The story revolves around a famous scientist, physicists Dr Waheed played by Adnan Jafar and an emotional, love struck student of science, Zarina played by Farheen Zehra and his butler, Saleem, who has been with him for 15 years and who has learned to work like a robot controlling his emotions as the doctor has ordered him. Saleem is only human and sometimes his feelings and attachment to Dr Waheed slip out for which he apologizes.
But the major character of this play is the koel bird, who predicts the changes in the emotions during the storyline. Dr Waheed has formed a bond with the bird, although he never mentions this. The way he interacts with it, sometimes talking to it, sometimes just by looking reveals how important she has become to her. Somewhere in the play, he also says he will not let her go….stepping out of his character. And then when he in a fit of emotion sets her free, he seems quite sad and disappointed. This reveals that he is human and has emotions no matter how latent.
But since to the logical and rational almost cold Dr Waheed, emotions have no place in his life, and would only hamper his path of work if he ever succumbs to them he fights with them and tries to keep within his shell.
Zarina, who is a highly emotional girl, believes she and Dr Waheed are made for one another; she claims that he just doesn’t know it yet. She stalks him but he refuses to acknowledge her, shunning her existence at the few meetings they have. Zarina tries to seduce him into the world of emotions by pleading to him and telling him that he is breaking her heart. Even this doesn’t melt Waheed’s heart.

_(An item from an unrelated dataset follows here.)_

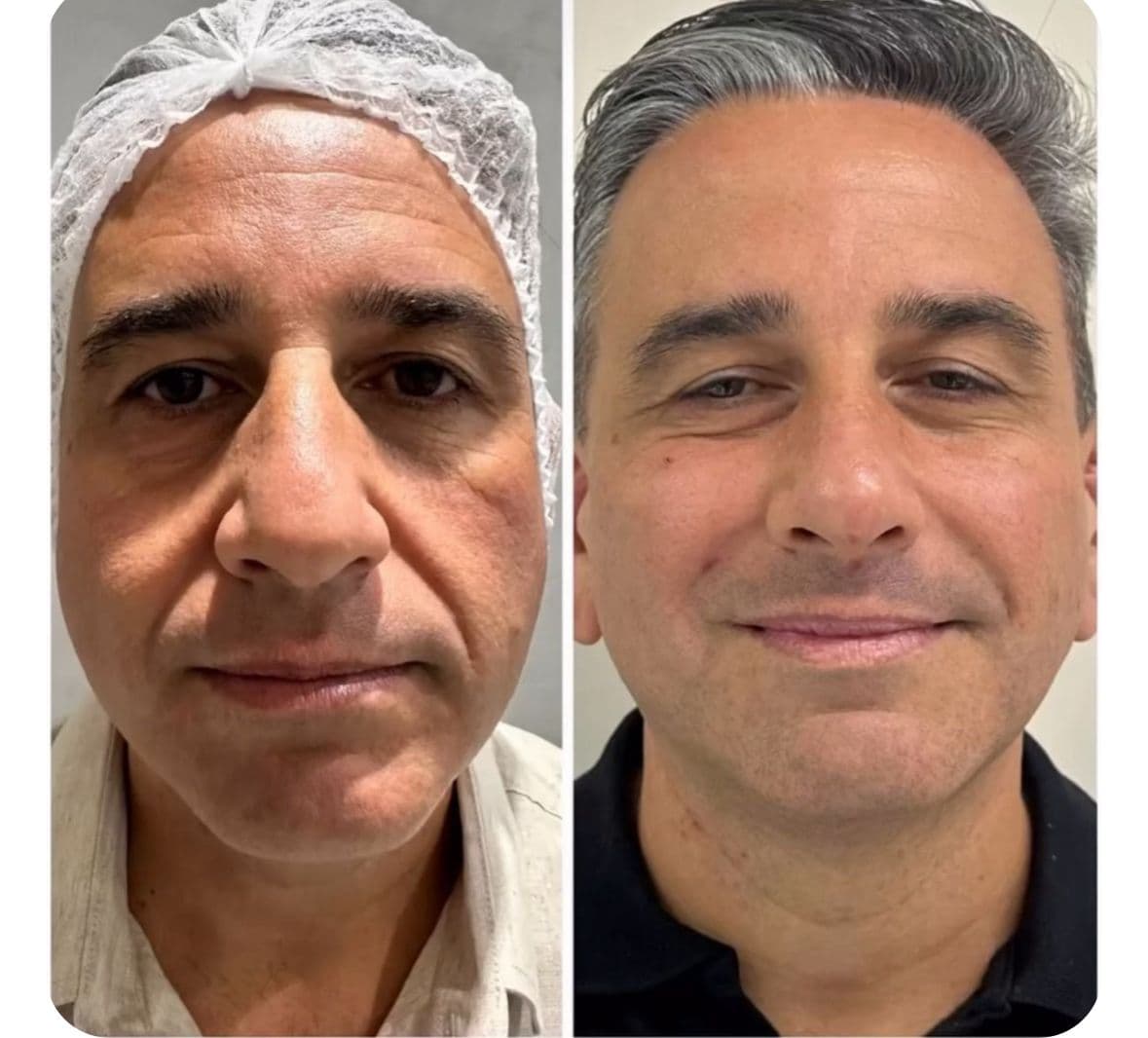 Resultado 4 — Antes e Depois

Her desperation is seen when she tries to connect with spirits of other great scientist like Einstein and Isaas Newton through a Oujia board to ask for a solution but fails there as well. Despite all these failures, she is determined to make Dr Waheed fall in love with her.
Waheed who is completely devoid of emotion is unaware that she has made an impression on his subconscious and unbeknownst he develops feelings for her, which are alien for him and he feels frustrated. He seeks psychiatric help from an expert played by Nimra Bucha, who tries to unravel this complex cold personality.

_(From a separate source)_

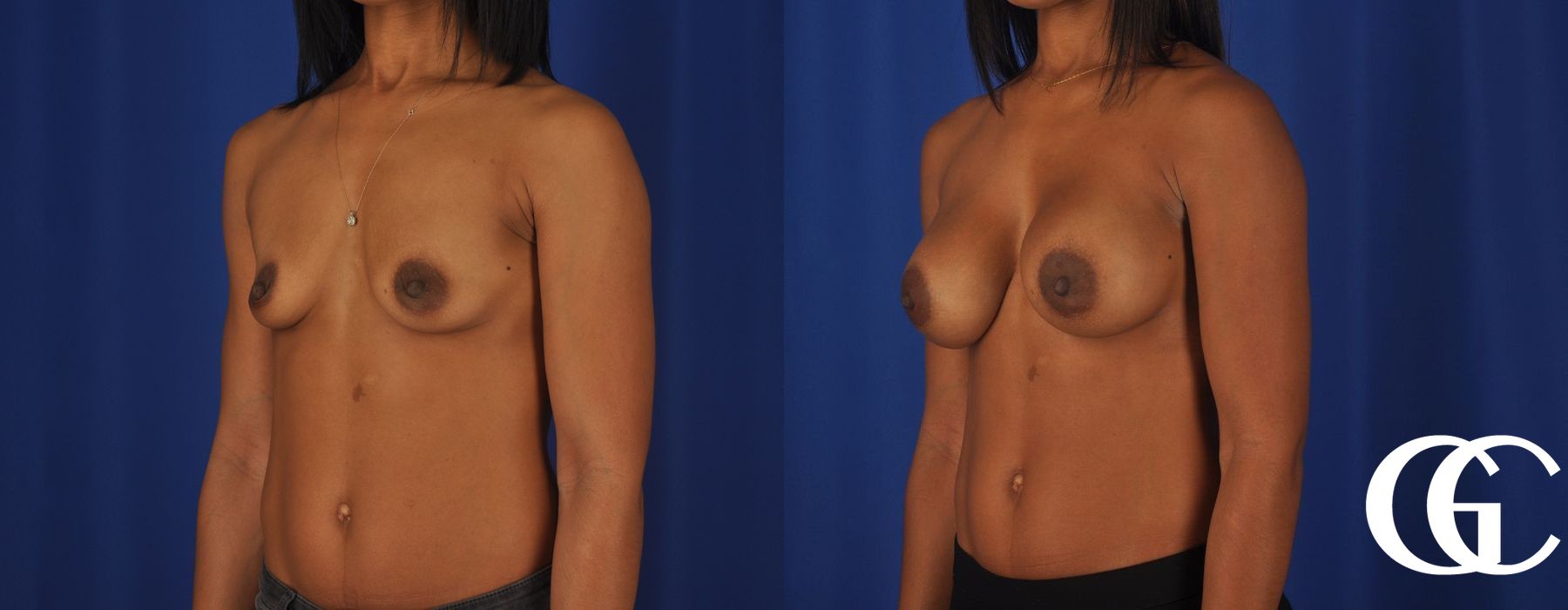Breast Augmentation - Thumbnail 4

Throughout this, the doctor’s bird the Koel sits quiet in her cage in his study, but with the entrance of Zarina and emotions in his life, the bird breaks its silence and starts singing. This is a beautiful depiction of changing of seasons or situations. The koel’s song is considered one of the most beautiful songs in this part of the world. Her voice is not only sweet, it is said that she sings out when the summer is becoming sweet with the blossoming of flowers, ripening of mangoes and everything is caught in a web of emotionality and sensuality.
The koel also plays an important role Dr Waheed’s life. Her sudden song surprises him, and it is at that moment that he realises that a change is near. And he is right, he evolves emotionally and his life is thrown into a different dimension of feelings. And his whole life changes…
Waheed’s life and work is affected by this new unexplainable phenomenon that Nimra Bucha tells him is love. Waheed is extremely upset since he considers love to be equivalent to death and tries to fight it but fails. The play ends with his death, and the spirit of Zarina, who died while pursuing the object of her love in an accident, telling his butler that now he couldn’t tell her that the doctor is not at home.
The butler insists, as he has been programmed by Dr Waheed, to tell the spirit of Zarina, ‘But the doctor is not home!’
The strong script, the wonderful acting skills of the actors and the use of lighting to highlight the different moods of the play was visually extremely interesting.
The title of Dr Enver Sajjad’s play – ‘Koel’ –brings back memories of lazy, delicious summer days, when the beautiful melodious voice of this bird reverberated from far away and one felt a strange sense of calm and happiness, snug in the comfort that life is simple and serene.
There are many myths and folklore attached to this melodious bird and many have held it in great reverence. People use to predict that a seasonal change would follow the chirping of this bird. Others held that the koel was calling out to its mate, and would play a game with her calling out and ‘asking’ her ‘Who is your mate?’ To which the bird would reply ‘Tu, Tu!’ (You, you.)
The play ‘Koel’ ends with the death of Dr Waheed, who fought love and succumbed, only to be transported to Zarina’s world where she claims no one can keep them apart now.
The threatre where the play was performed was jam packed revealing that a good performance supported by a good script will pull viewers away from the variety aired on TV.